IB World magazine asks teachers how they encourage students to become confident in taking risks and students share how this has helped them develop lifelong skills
The IB Learner Profile aims to develop students who are risk-takers. This means guiding students to explore new ideas and innovative strategies, challenging their ways of thinking and encouraging them to be confident in those decisions. This lifelong skill requires students to step out of their comfort zone and become courageous in their choices and actions. But, there is a hint of uncertainty and failure attached to the idea. How can teachers successfully encourage students to take risks and be resilient in the face of challenges?
Brian Kerekes, IB mathematics HL teacher at Celebration High School in Florida, US, believes risk-taking is crucial to academic success and development. He says: “We need to encourage students to be exposed to ideas and concepts they might never have known about. Risk-taking can expose a student to different ideas or different cultures; it develops their problem solving abilities.”
However, encouraging students to participate in risk-taking activities or behaviour is not always easy, both from the perspective of a student encouraging themselves and their peers, or a teacher encouraging their pupils.
“For many students there is almost an inherent fear of failure,” Kerekes explains. “As educators, we have a duty to challenge our students as much as possible, and give them the required support and feedback if they fail.”
Nnenna Umelloh, an IB Diploma Programme graduate of Plano East Senior High School in Texas, US, agrees. She says: “Risk-taking is challenging yourself to do hard things. It’s admitting that you just might fail, but you try it anyway and you work harder to succeed. Failure is an intimidating idea and, unfortunately, the fear of failure prevents many people from challenging themselves to do difficult things. But in order to be truly successful, there must be a possibility of failure. This fear can motivate people to work harder.”
Nnenna leads by example. She took a risk when it came to selecting her IB Diploma Programme subjects: “A risk is taking a challenging class in an area that is not your strong suit. For example, mathematics and science are not my strongest subjects. I consider myself to be a liberal arts student, but I decided to take HL biology in my junior year as I truly enjoyed biology at high school. I had to invest a lot more personal effort to be successful in that class.”
“It was gratifying in the end,” adds Nnenna. “I proved to myself that I can do difficult things. The class forced me to be more resourceful than I normally would be.

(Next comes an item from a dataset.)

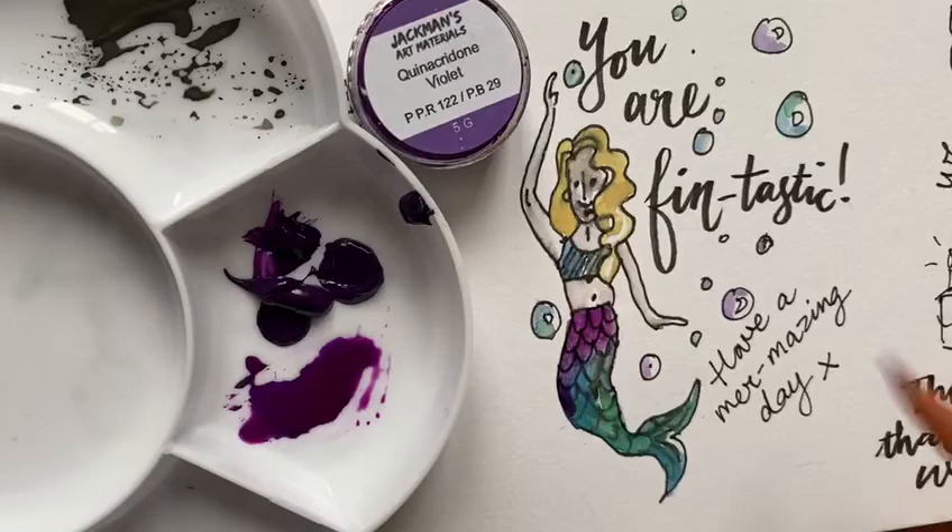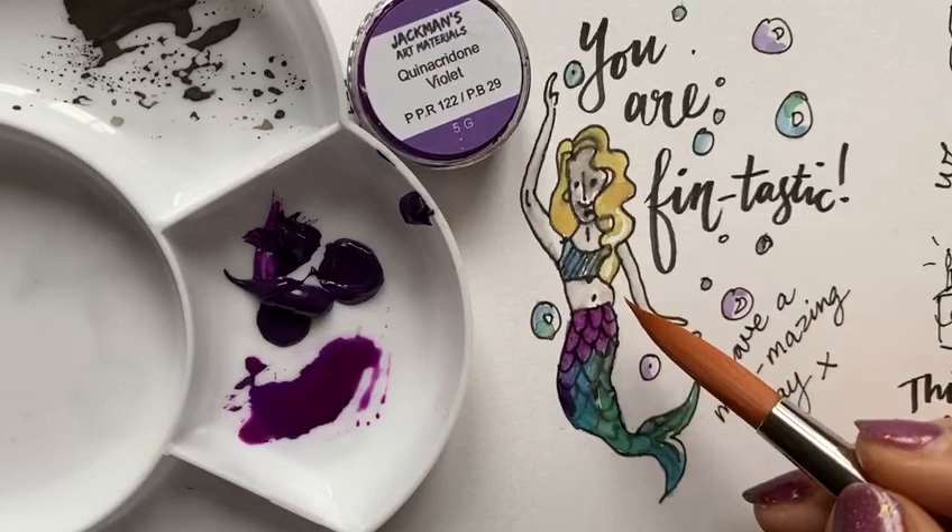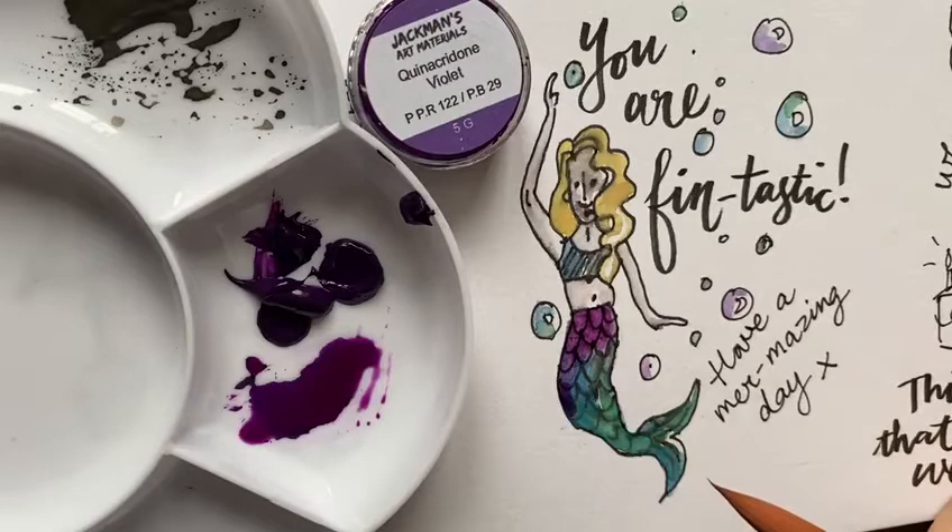Here I've used the cadmium lemon on the hair, which has run into the ink a bit. I've mixed together the cadmium yellow and cadmium red to make the flesh, and then I've added a bit of farlo blue and spring green.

Taking risks puts you in a situation where you can develop new skills and find new resources you would not have done otherwise. In addition, it teaches your mind to think and analyse material in a different way. It adds more exposure to what and how to learn.”
Teacher Nathalie Delgado, PYP Coordinator at Concordian International School in Bangkok, Thailand, agrees that risk taking produces a positive outcome and explains how she encourages students to take risks:
“When a student has tried something new in class – whether participating in a group discussion or solving a problem in front of the class – I do not praise the result but praise the effort behind the action. I often link this positive praise with the word ‘courageous’ or ‘risk-taker’.”
Back in Florida, Kerekes discusses the idea that risk-taking can enhance creativity too, “In my opinion, the greatest risk-takers are the students who select the most unique topics, or candidates whose topics may require more background research in order to fully understand what they are analysing,” he says.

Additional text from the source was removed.